*Task requirements*.
All of the data, except its images, should be set down exactly as it appears.
Task inputs Start Marker
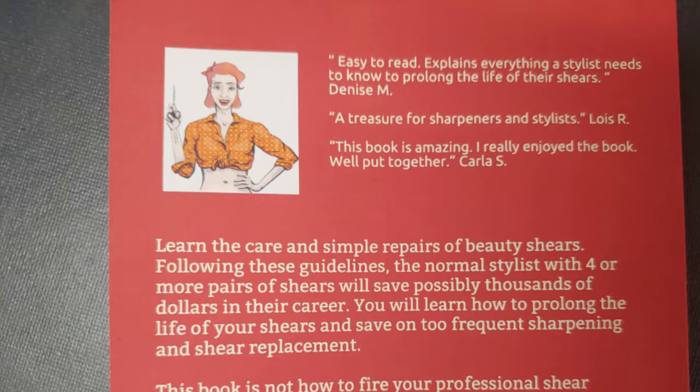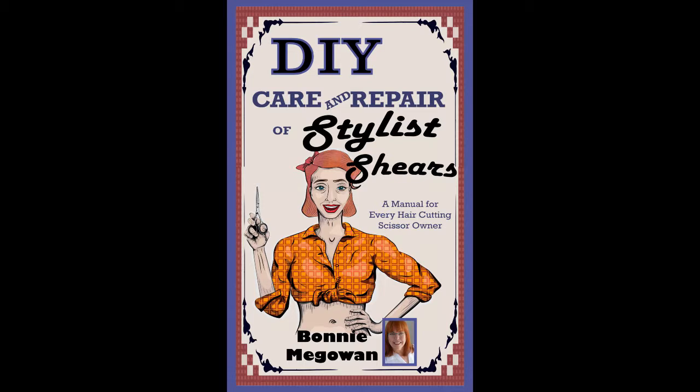The reviews indicate that both stylists and sharpeners love my book. I hope you'll pick up yours today and start caring for your stylus shears.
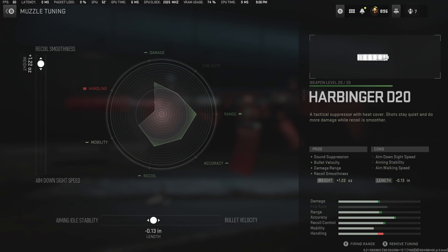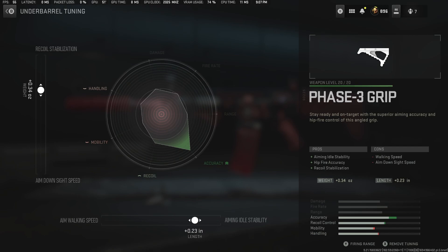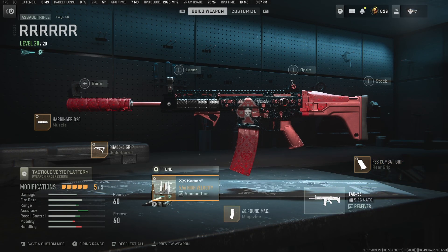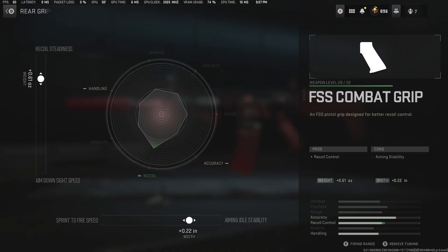I use the Harbinger D20, Phase 3 grip, 5.56 high velocity, the 60 round mag, and the FSS combat grip.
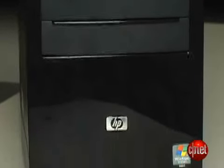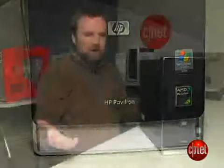It's designed for email, web surfing, just straightforward computing. As you can see, this is a pretty clean design, mostly black, and it'll pretty much fit anywhere you want to put it.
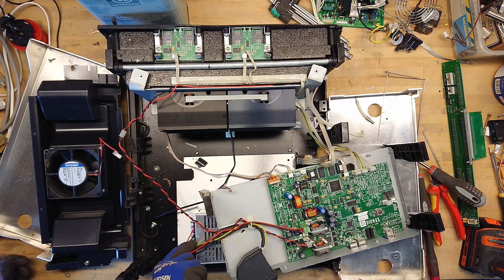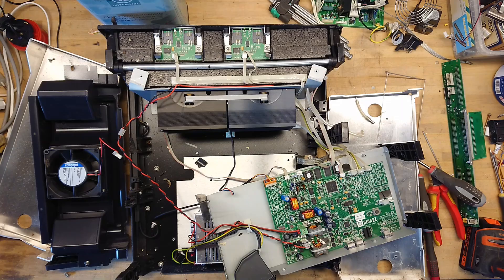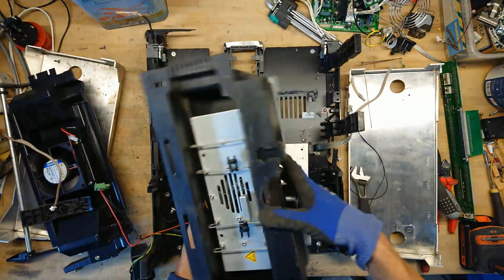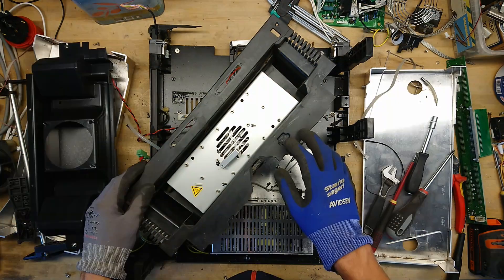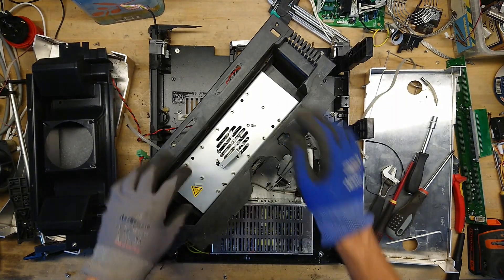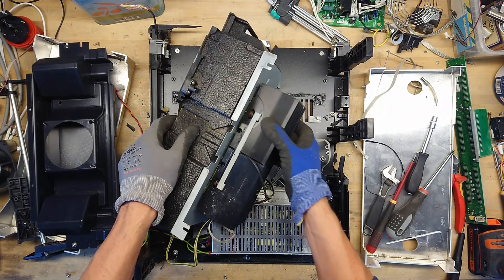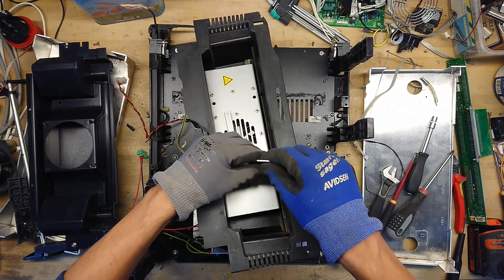Before doing that, let's check out the power supply underneath here. It's a Meanwell SP150-24 — a 150 watt, 24 volt DC power supply. That's nice; it can always be reused. It felt like I dismounted the whole thing with four large screws that went all the way through the whole construction, so I assumed it would come apart, but one screw is maybe still stuck in there.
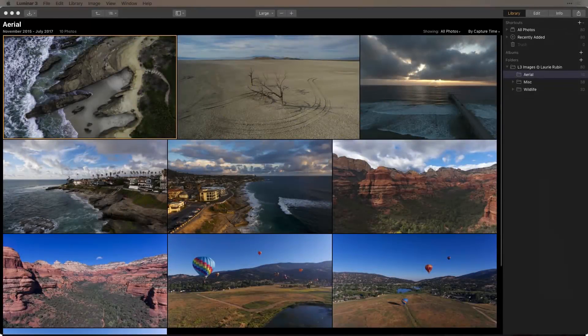Here are some ways that drone photographers can benefit from Luminar 3. We're going to go through some of the newest features in Luminar 3 so that you can find a nice, easy workflow to take your drone images from beginning to end.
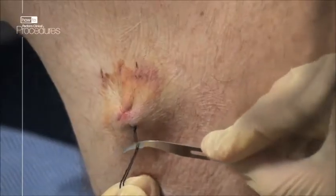To finish, cut the suture to an appropriate length and cover with the simple dressing.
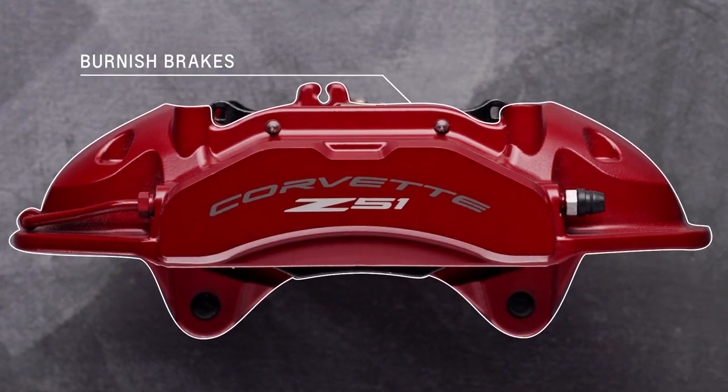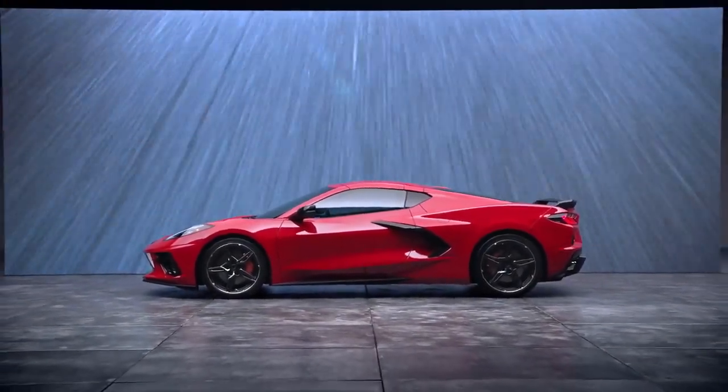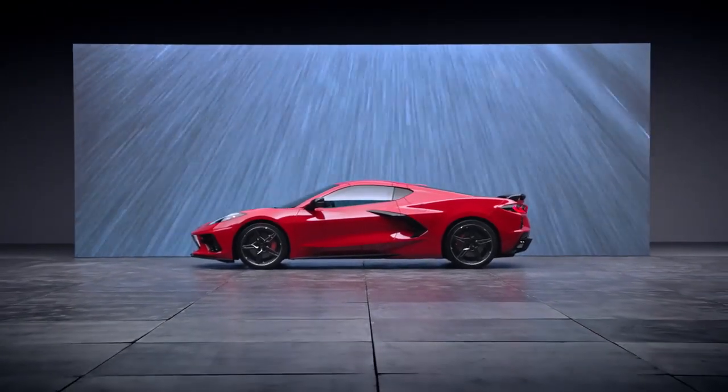New brake pads must be burnished before racing or other competitive driving. The two brake burnishing procedure options are spelled out in detail in your owner's manual and in the track prep guide.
Task inputs End Marker
*Result below*.
The reviews indicate that both stylists and sharpeners love my book. I hope you'll pick up yours today and start caring for your stylus shears.
I use the Harbinger D20, Phase 3 grip, 5.56 high velocity, the 60 round mag, and the FSS combat grip.
It's designed for email, web surfing, just straightforward computing. As you can see, this is a pretty clean design, mostly black, and it'll pretty much fit anywhere you want to put it.
Before doing that, let's check out the power supply underneath here. It's a Meanwell SP150-24 — a 150 watt, 24 volt DC power supply. That's nice; it can always be reused. It felt like I dismounted the whole thing with four large screws that went all the way through the whole construction, so I assumed it would come apart, but one screw is maybe still stuck in there.
Here are some ways that drone photographers can benefit from Luminar 3. We're going to go through some of the newest features in Luminar 3 so that you can find a nice, easy workflow to take your drone images from beginning to end.
To finish, cut the suture to an appropriate length and cover with the simple dressing.
New brake pads must be burnished before racing or other competitive driving. The two brake burnishing procedure options are spelled out in detail in your owner's manual and in the track prep guide.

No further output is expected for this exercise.